I have briefly looked into the archive, but have not found this. If i am
wrong, please give me a pointer into the archive.

Consider the following situation:

I have a few boxes with newly arrived quad-core CPUs. The usual set-up
would be to define 4 slots for that machine and each will get 25% of the
installed memory (say 2 GByte each).

However, from time to time a user comes up and tells me, I need to run a
program which requires 5-6 GByte of memory. As far as I know, this could
be achieved by

(a) the user sets that only slot1 of each node can be used (I have done
that with the vm setting). However, with this set-up you need to rely on
the fact that the other jobs running on this node need less than 2-3
GByte in total, otherwise the system will run heavily into swap.

(b) the admin of the cluster changes the set-up of the cluster
temporarily that there is only a single slot available on particular
nodes for some time.

I guess most people would agree to me that this is both suboptimal.

My question:

Would it be possible (maybe as a feature wish for a new version) to
allow the scheduler have knowledge both of slots as well as nodes?

E.g.:

My cluster has 100 quad-core nodes with above specification. My
possibilities are:

total number of slots | slots per node | memory per slot [GByte]
	100			1		8
	200			2		4
	400			4		2

Now imagine user A submitting a cluster of 4000 jobs which all need only
1 GByte (requirement set in submit file). They are running happily for
some time until user B arrives and submits 200 jobs with above
requirement of 6 GByte per slot.

If the admin now changes a few nodes, say 30, to single slot set-up and
both user's code can run happily (given all other requirements are
fulfilled). However, the admin has to watch this and might need to
change this again to enhance the throughput.

What my wish for Condor would be, that if user B is allowed to run
(userprio et al.), it starts to free up a few nodes and runs only user B
jobs there.
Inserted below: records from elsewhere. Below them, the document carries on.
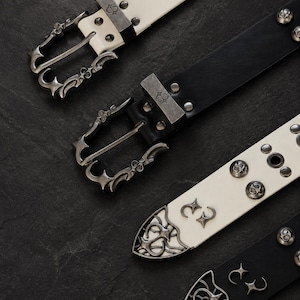 Y2K Gothic Punk Studded Belt, Vintage Grunge Rivet Waist Accessory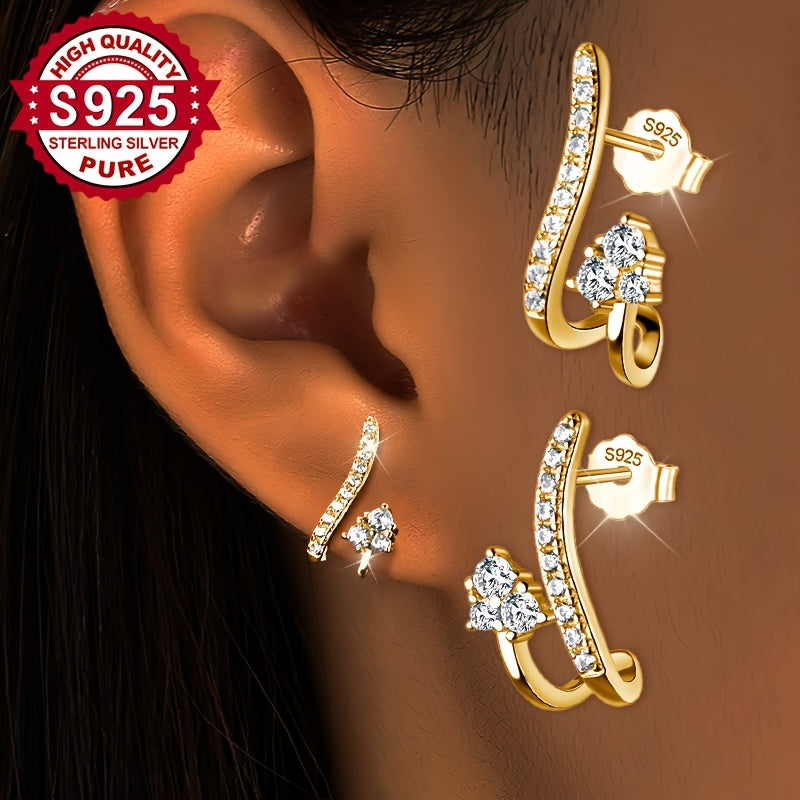 Pair, S925 Silver, Long and Short Line Earrings, Retro Sweet Elegant Ear Ornaments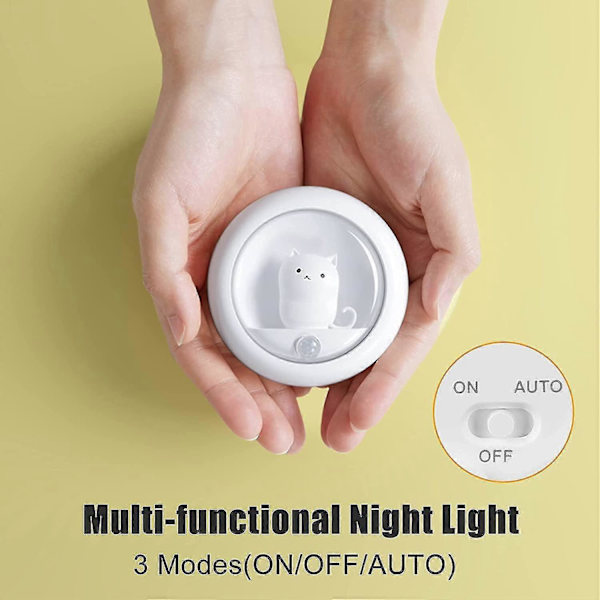 Genopladelig bevægelsessensor natlampe - Katte lampe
This could be done forcefully by eviction or by simply
waiting until jobs are finished and don't restart jobs on that node.

If you are a devel of Condor and start to cry in agony right now because
this undermines the standard rules of node matching, I am very sorry.
But otherwise, I really which this would be possible.

Sorry, for the lengthy mail but I hope I made my problem clear.

Cheers

Carsten